In Jea48's linked article the implication was that the level of jitter was related to or at least different for different frequency levels of sound (presumably after the DAC). Someone straighten me out on this. It seems to me that the bit stream speed is independent of the bit content. If this is correct than should not the jitter be either constant of possible a function of the disc itself (like radial position or burn/pressing quality)?Paul, you raise a good question, and I believe that the key to the answer is that jitter should be thought of as noise in the time domain.
As you will realize, an analog signal will always have some amount of noise riding on it, which causes its amplitude to fluctuate to some degree, in a manner which is to some extent random. That noise will typically consist of a great many frequency components, all mixed together. Essentially a mix of ALL frequencies within some finite bandwidth, with different frequencies having different magnitudes.

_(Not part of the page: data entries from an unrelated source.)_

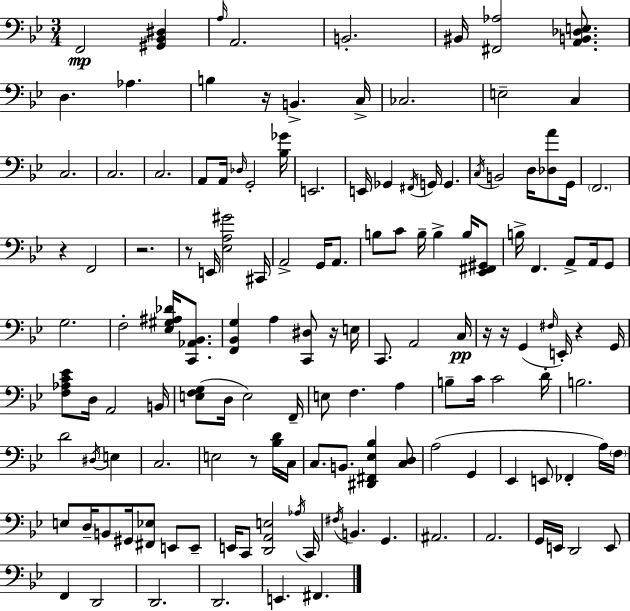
X:1
T:Untitled
M:3/4
L:1/4
K:Bb
F,,2 [^G,,_B,,^D,] A,/4 A,,2 B,,2 ^B,,/4 [^F,,_A,]2 [A,,B,,_D,E,]/2 D, _A, B, z/4 B,, C,/4 _C,2 E,2 C, C,2 C,2 C,2 A,,/2 A,,/4 _D,/4 G,,2 [_B,_G]/4 E,,2 E,,/4 _G,, ^F,,/4 G,,/4 G,, C,/4 B,,2 D,/4 [_D,A]/2 G,,/4 F,,2 z F,,2 z2 z/2 E,,/4 [_E,A,^G]2 ^C,,/4 A,,2 G,,/4 A,,/2 B,/2 C/2 B,/4 B, B,/4 [_E,,^F,,^G,,]/2 B,/4 F,, A,,/2 A,,/4 G,,/2 G,2 F,2 [_E,^G,^A,_D]/4 [C,,_A,,_B,,]/2 [F,,_B,,G,] A, [C,,^D,]/2 z/4 E,/4 C,,/2 A,,2 C,/4 z/4 z/4 G,, ^F,/4 E,,/4 z G,,/4 [F,_A,C_E]/2 D,/4 A,,2 B,,/4 [E,F,G,]/2 D,/4 E,2 F,,/4 E,/2 F, A, B,/2 C/4 C2 D/4 B,2 D2 ^D,/4 E, C,2 E,2 z/2 [_B,D]/4 C,/4 C,/2 B,,/2 [^D,,^F,,_E,_B,] [C,D,]/2 A,2 G,, _E,, E,,/2 _F,, A,/4 F,/4 E,/2 D,/4 B,,/2 ^G,,/4 [^F,,_E,]/2 E,,/2 E,,/2 E,,/4 C,,/2 [D,,A,,E,]2 _A,/4 C,,/4 ^F,/4 B,, G,, ^A,,2 A,,2 G,,/4 E,,/4 D,,2 E,,/2 F,, D,,2 D,,2 D,,2 E,, ^F,,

Similarly, the random or pseudo-random timing fluctuations that characterize jitter in a digital signal will have a spectrum of a great many jitter frequencies all mixed together. In other words, there may be slow fluctuations in the timing, that are of some magnitude, accompanied by rapid fluctuations in the timing, that are of other magnitudes.
Some frequency components of the jitter spectra can be data dependent, because a major contributor to the electrical noise that is a fundamental cause of jitter is the rapid transitions of transistors and integrated circuits between the 0 and 1 states, and vice versa.
BTW, re the references in your two posts to disk speed, radial position, etc., keep in mind that fluctuations and inaccuracies in the rotational speed of the disk (which figure to be far larger in magnitude than the electronic jitter we have been discussing) are, or at least should be, taken out by subsequent buffering in the transport's electronics.